***** Data to use *****
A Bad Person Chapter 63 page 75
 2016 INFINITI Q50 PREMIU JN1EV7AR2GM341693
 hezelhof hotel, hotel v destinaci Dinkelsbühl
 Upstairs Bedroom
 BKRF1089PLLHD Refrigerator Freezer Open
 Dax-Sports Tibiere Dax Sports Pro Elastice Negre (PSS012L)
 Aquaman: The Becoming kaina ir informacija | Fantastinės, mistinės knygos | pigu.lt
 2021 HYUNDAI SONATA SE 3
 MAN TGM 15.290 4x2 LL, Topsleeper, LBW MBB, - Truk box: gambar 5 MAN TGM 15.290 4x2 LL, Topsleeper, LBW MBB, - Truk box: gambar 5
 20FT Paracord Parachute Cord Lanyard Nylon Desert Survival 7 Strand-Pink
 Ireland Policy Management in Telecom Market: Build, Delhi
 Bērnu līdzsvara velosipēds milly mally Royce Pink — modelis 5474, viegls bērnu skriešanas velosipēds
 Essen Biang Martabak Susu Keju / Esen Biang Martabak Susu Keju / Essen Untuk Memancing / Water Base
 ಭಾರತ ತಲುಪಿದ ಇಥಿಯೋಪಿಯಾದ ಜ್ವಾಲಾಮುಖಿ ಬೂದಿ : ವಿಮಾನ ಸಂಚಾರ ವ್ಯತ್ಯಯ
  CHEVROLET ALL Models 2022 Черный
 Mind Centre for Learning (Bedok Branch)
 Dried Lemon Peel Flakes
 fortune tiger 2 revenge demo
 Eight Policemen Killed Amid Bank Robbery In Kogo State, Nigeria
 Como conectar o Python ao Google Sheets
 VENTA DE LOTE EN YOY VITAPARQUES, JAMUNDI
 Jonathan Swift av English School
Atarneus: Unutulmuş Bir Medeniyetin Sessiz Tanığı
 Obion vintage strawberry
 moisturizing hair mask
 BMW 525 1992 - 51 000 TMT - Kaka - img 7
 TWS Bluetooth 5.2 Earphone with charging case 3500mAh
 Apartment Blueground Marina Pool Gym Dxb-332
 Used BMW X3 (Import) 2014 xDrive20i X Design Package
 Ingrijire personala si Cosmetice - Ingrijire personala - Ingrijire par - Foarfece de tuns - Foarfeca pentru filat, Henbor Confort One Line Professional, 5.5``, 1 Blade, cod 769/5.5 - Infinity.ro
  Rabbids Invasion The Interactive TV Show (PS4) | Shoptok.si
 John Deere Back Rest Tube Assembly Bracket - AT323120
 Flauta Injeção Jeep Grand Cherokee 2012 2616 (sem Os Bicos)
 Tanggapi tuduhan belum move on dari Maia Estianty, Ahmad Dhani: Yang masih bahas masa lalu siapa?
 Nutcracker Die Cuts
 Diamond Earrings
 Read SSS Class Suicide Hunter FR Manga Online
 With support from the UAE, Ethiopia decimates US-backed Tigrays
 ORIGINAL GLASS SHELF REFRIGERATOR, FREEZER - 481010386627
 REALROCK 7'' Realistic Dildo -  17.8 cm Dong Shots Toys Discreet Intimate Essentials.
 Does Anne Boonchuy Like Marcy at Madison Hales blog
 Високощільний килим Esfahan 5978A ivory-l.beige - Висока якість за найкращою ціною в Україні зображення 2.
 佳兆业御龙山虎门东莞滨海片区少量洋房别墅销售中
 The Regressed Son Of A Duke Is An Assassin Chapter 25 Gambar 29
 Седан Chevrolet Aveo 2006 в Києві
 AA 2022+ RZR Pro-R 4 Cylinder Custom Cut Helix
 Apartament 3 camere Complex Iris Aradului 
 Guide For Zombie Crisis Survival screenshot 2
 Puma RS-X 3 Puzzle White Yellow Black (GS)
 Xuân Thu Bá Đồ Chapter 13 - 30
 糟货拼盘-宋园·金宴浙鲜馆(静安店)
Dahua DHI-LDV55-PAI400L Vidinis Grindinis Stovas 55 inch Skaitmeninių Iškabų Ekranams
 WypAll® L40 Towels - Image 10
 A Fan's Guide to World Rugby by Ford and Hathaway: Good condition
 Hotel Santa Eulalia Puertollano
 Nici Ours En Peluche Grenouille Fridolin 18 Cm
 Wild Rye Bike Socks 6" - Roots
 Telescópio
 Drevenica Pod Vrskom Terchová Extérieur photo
*****
Copy every line of the data above, beginning with the first and ending with the line that contains "TWS Bluetooth 5.2", and give nothing more.

A Bad Person Chapter 63 page 75
 2016 INFINITI Q50 PREMIU JN1EV7AR2GM341693
 hezelhof hotel, hotel v destinaci Dinkelsbühl
 Upstairs Bedroom
 BKRF1089PLLHD Refrigerator Freezer Open
 Dax-Sports Tibiere Dax Sports Pro Elastice Negre (PSS012L)
 Aquaman: The Becoming kaina ir informacija | Fantastinės, mistinės knygos | pigu.lt
 2021 HYUNDAI SONATA SE 3
 MAN TGM 15.290 4x2 LL, Topsleeper, LBW MBB, - Truk box: gambar 5 MAN TGM 15.290 4x2 LL, Topsleeper, LBW MBB, - Truk box: gambar 5
 20FT Paracord Parachute Cord Lanyard Nylon Desert Survival 7 Strand-Pink
 Ireland Policy Management in Telecom Market: Build, Delhi
 Bērnu līdzsvara velosipēds milly mally Royce Pink — modelis 5474, viegls bērnu skriešanas velosipēds
 Essen Biang Martabak Susu Keju / Esen Biang Martabak Susu Keju / Essen Untuk Memancing / Water Base
 ಭಾರತ ತಲುಪಿದ ಇಥಿಯೋಪಿಯಾದ ಜ್ವಾಲಾಮುಖಿ ಬೂದಿ : ವಿಮಾನ ಸಂಚಾರ ವ್ಯತ್ಯಯ
  CHEVROLET ALL Models 2022 Черный
 Mind Centre for Learning (Bedok Branch)
 Dried Lemon Peel Flakes
 fortune tiger 2 revenge demo
 Eight Policemen Killed Amid Bank Robbery In Kogo State, Nigeria
 Como conectar o Python ao Google Sheets
 VENTA DE LOTE EN YOY VITAPARQUES, JAMUNDI
 Jonathan Swift av English School
Atarneus: Unutulmuş Bir Medeniyetin Sessiz Tanığı
 Obion vintage strawberry
 moisturizing hair mask
 BMW 525 1992 - 51 000 TMT - Kaka - img 7
 TWS Bluetooth 5.2 Earphone with charging case 3500mAh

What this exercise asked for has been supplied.